Annette Lawrence’s studio practice is characterized by transforming raw data into drawings, objects, and installations. The data accounts for and measures everyday life. Her subjects of inquiry range from body cycles, to ancestor portraits, music lessons, unsolicited mail, and journal keeping. She addresses questions of text as image, and the relationship between text and code. Her work is grounded in examining what counts, how it is counted, and who is counting. Her process is one of making and unmaking, looking, waiting, recognizing things that go unannounced, remain steady, continuous, unremarkable on the surface, and develop meaning over time.
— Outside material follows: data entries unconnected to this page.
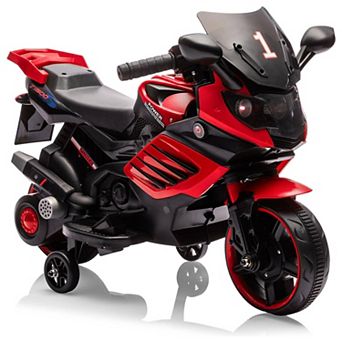 6V Kids Ride-On Motorcycle w/ Training Wheels, Electric Bike Toy w/ Headlight, Horn & Music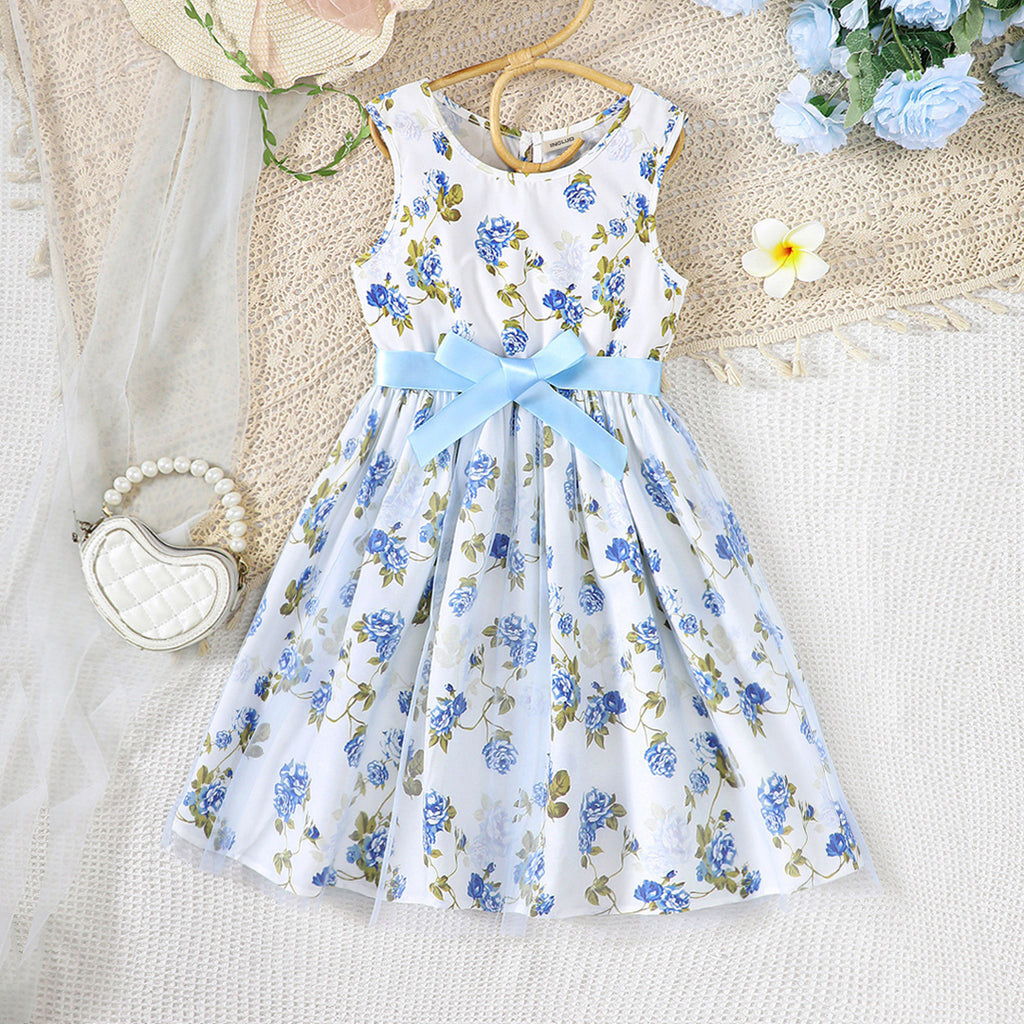 Girls Floral Print Sleeveless Fit & Fare Dress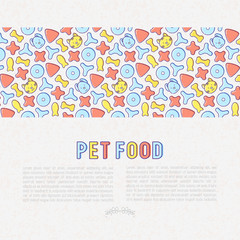 Pet food concept with thin line icons of dry food in different shapes and cute dog and cat. Modern vector illustration.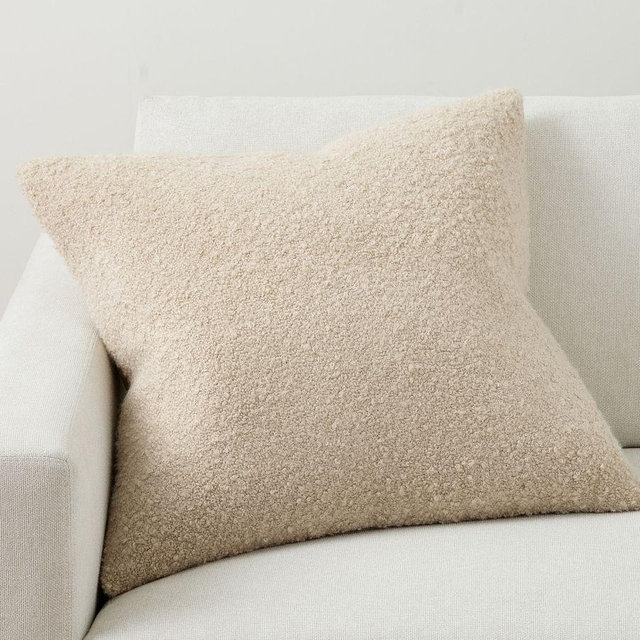 Boucle Pillow Cover, 24", Cement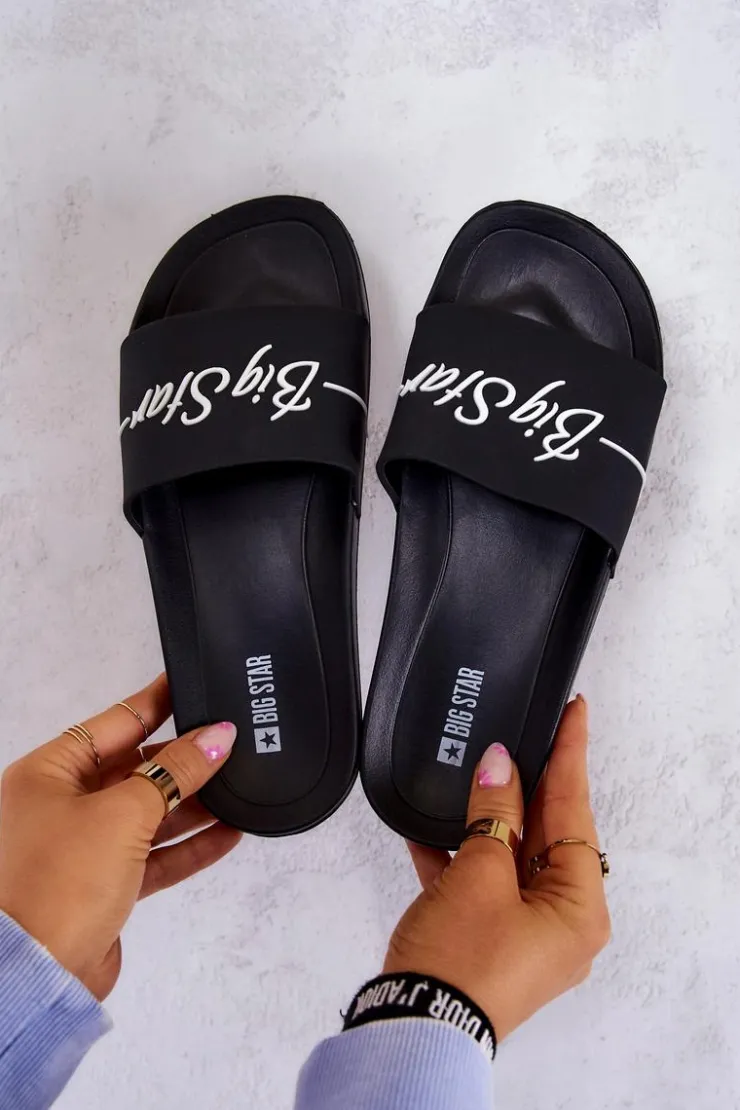 Big Star Shoes Klapki Sportowe|Klapki Damskie Big Star*Gumowe Klasyczne Klapki Big Star JJ274A300 Czarne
Lawrence’s work has been widely exhibited and is held in museums, and private collections including The Museum of Fine Arts, Houston, The Dallas Museum of Art, The Rachofsky Collection, ArtPace Center for Contemporary Art, Jack S. Blanton Museum of Art, American Airlines and the Art Collection of the Dallas Cowboys. She received a 2018 MacDowell Fellowship, the 2015 Moss/Chumley Award from the Meadows Museum, and the 2009 Otis and Velma Davis Dozier Travel Award from the Dallas Museum of Art. Her work was included in the 1997 Biennial Exhibition at the Whitney Museum of American Art, New York, NY. She is an alumnus of the Core Program at the Museum of Fine Arts, Houston, and the Skowhegan School. She received a BFA from The Hartford Art School and an MFA from The Maryland Institute College of Art. Originally from New York, Lawrence lives and works in Denton, Texas and is a recently retired Professor of Studio Art in the College of Visual Arts and Design at the University of North Texas.